Updated on December 24, 2017

Indian Army Vs China in Ladakh

I write this post with a heavy heart as a nationalist one cannot condone the thinking of the political leadership which in turn rubs off on the Army. I underwent the 41st Staff course at Wellington. One of the exercise as part of the curriculum is a study tour of the Northern or eastern border. Which study to tour to take is the option of the student officer? I opted to visit the Northern border for a first-hand study.

Visiting Ladakh

The visit to Ladakh was an eye-opener. We visited the various Indian Army formations facing China and had a one to one interaction with the Deputy GOC. Some of the results of that interaction is summarized below.

Negative Feedback

a) We learned that the Indian army had one division facing China in a holding role. On query, we learned the Chinese on the opposite side had 6 divisions.

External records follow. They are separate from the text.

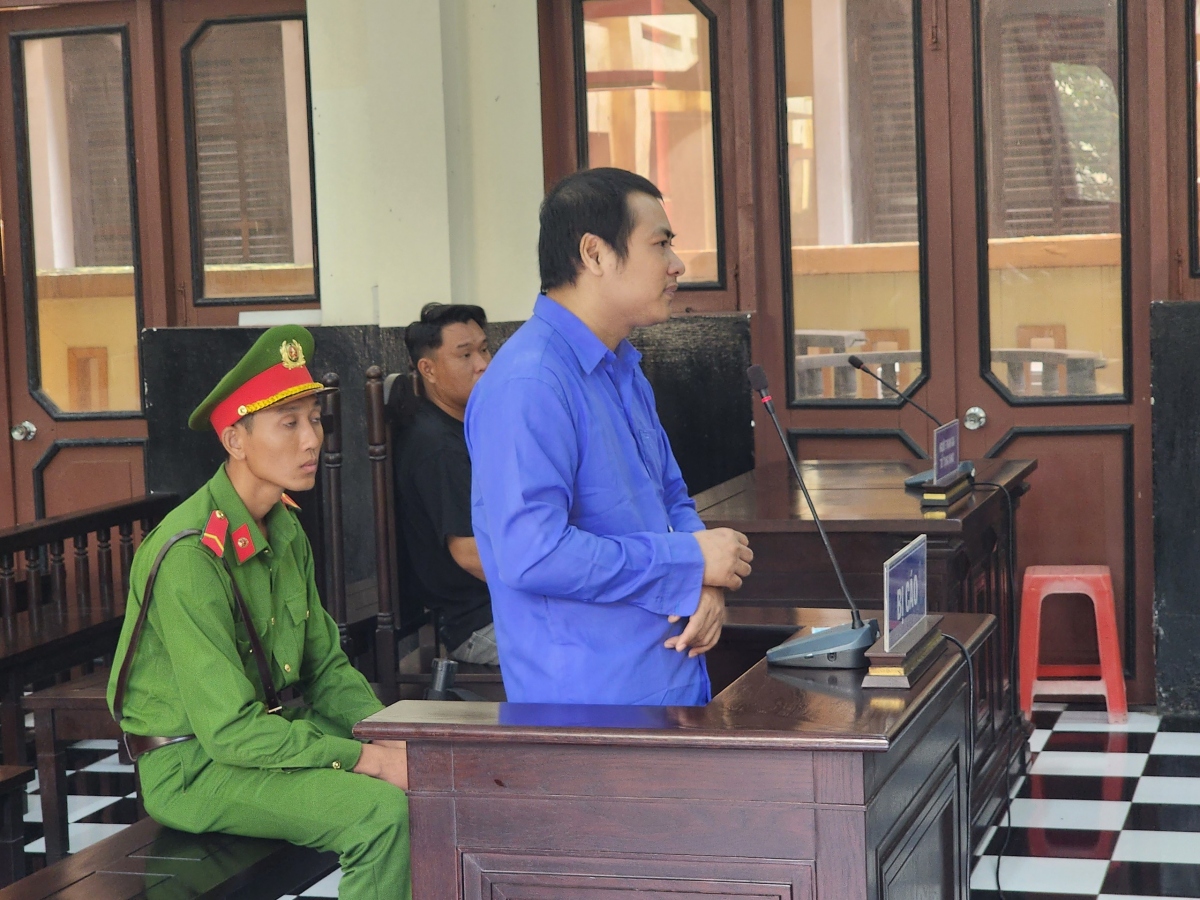 Bị cáo Nguyễn Văn Sang bị phạt 19 năm tù giam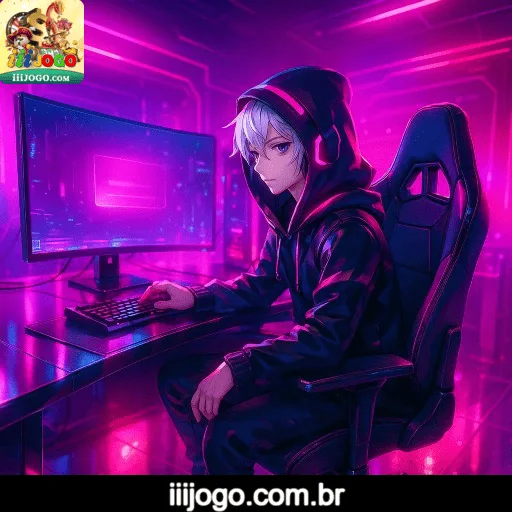 Visual apresentando slots populares da IIIJOGO com jackpots progressivos e oportunidades de ganhos altos.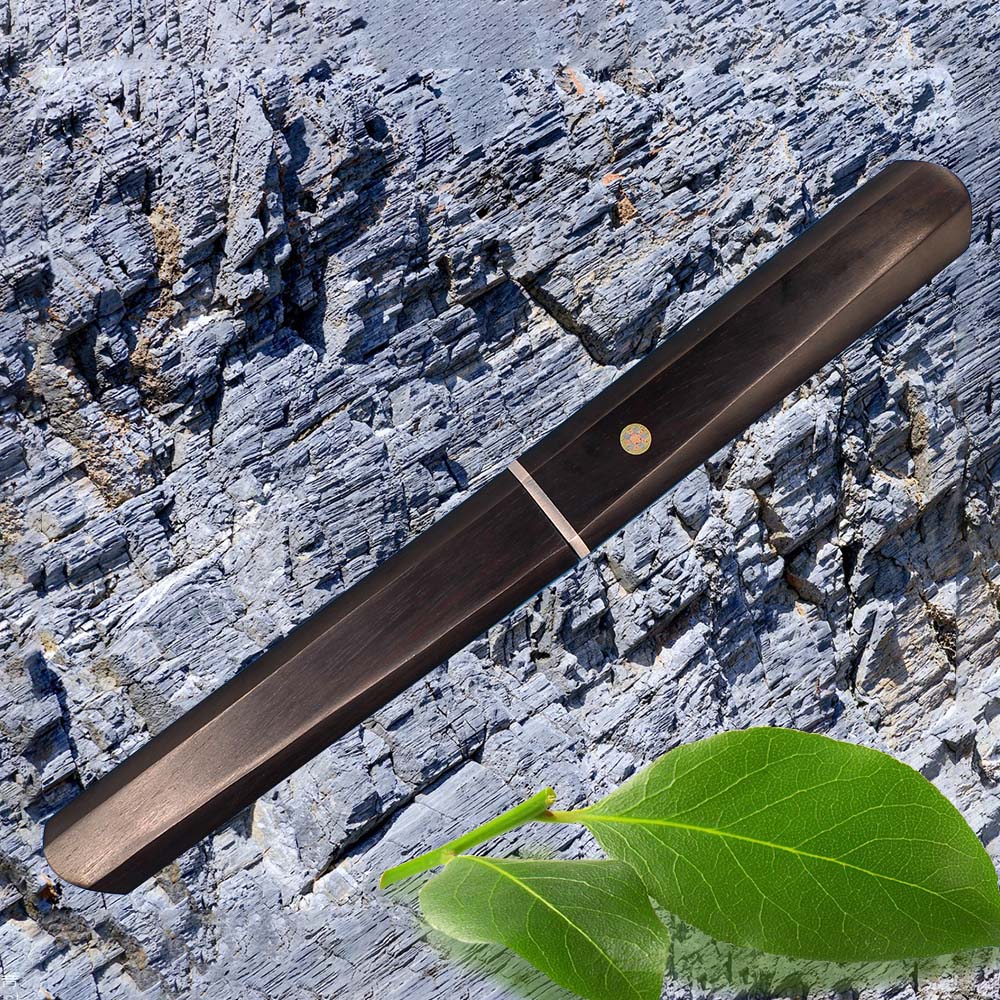 Special Offer R8319 Survival Straight Knife VG10 Damascus Steel Tanto Point Blade Rosewood with Steel Head Handle Fixed Blades Knives including Wood Sheath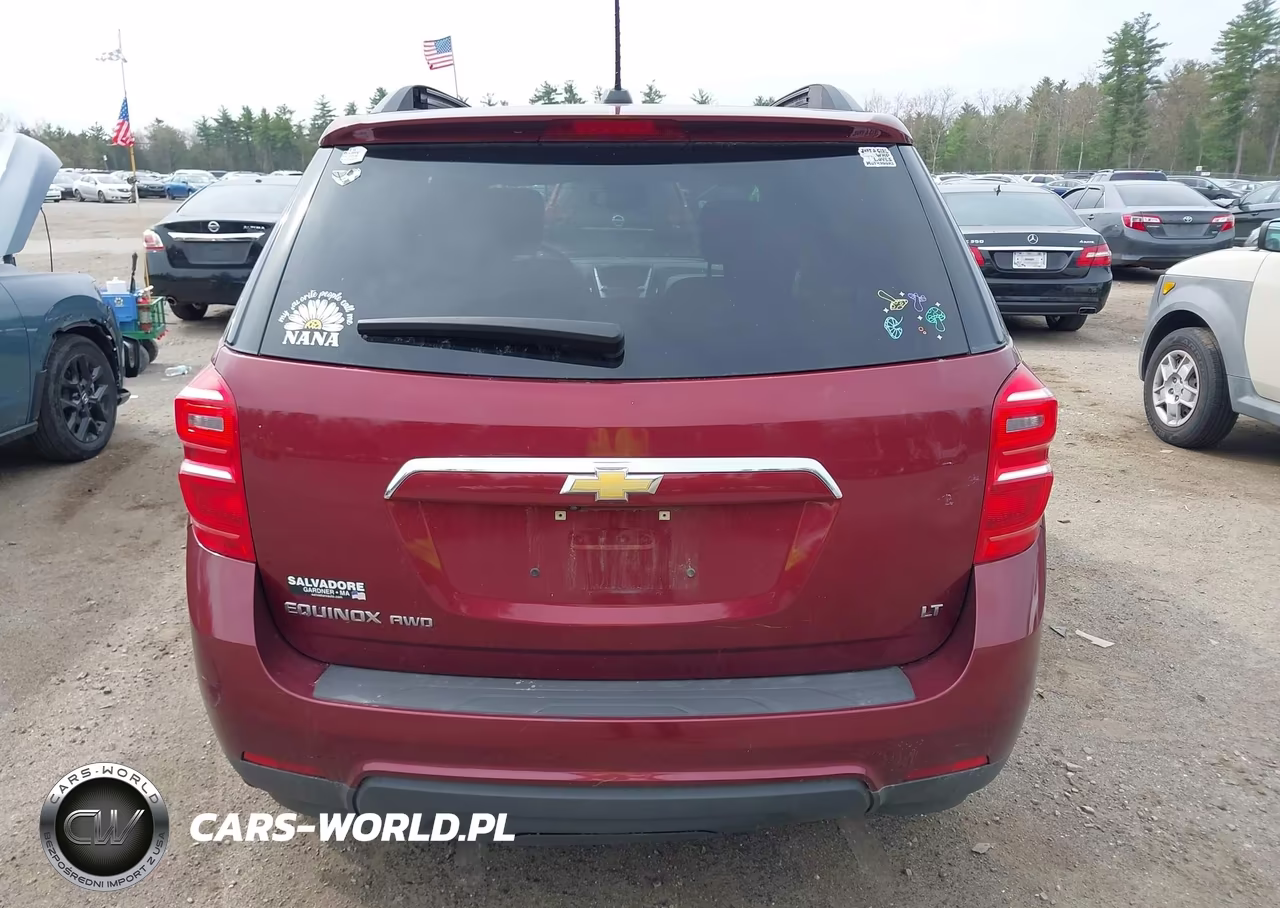 2017 Chevrolet Equinox Lt VIN:2GNFLFEK4H6157779 - 16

This didn’t make sense, one division vs. 6?

b) The 1962 border war had resulted in large areas being occupied by China. After the cease-fire, the Chinese vacated the areas they had occupied and went back to their earlier line of control.

c) This land vacated by China is now a no-man's land with China occasionally patrolling it. On query, we were specifically told by the GOC that the vacated area by China was out of bounds for the Indian army and they only watched as once in 3 or 4 days the Chinese trucks came and went away. On query as to why the Indian army did not go back and occupy the territory which India claims as Indian Territory, the reply was that these are the instructions of the government at Delhi.

d) It also appeared that the in the event of a war the Indian army had no plans for an offensive into the occupied area of Ladakh or Tibet.

It also came to light that the Chusul airfield close to the line of control, which was the scene of some bitter fighting during the 1962 war, was not operational. On query as to why it was not made operational when it was in Indian territory. We were told that these were the instructions of the Central Government so as to not antagonize the Chinese.

Sad Reading

All this makes sad reading and shows that the Army which mirrors the policy of the Central government may still lead India to another defeat as a when there is another clash. I do not think anything is learned by India after 1962. One must read Kautaliya, that master of political thought, to realize that a dread of an enemy is a sign of defeat. Sadly the political leadership intent on filling its coffers with hard cash has no time for the greatness of India. I wonder the pot-bellied ministers sitting in Delhi have even heard, let alone read Kautaliya.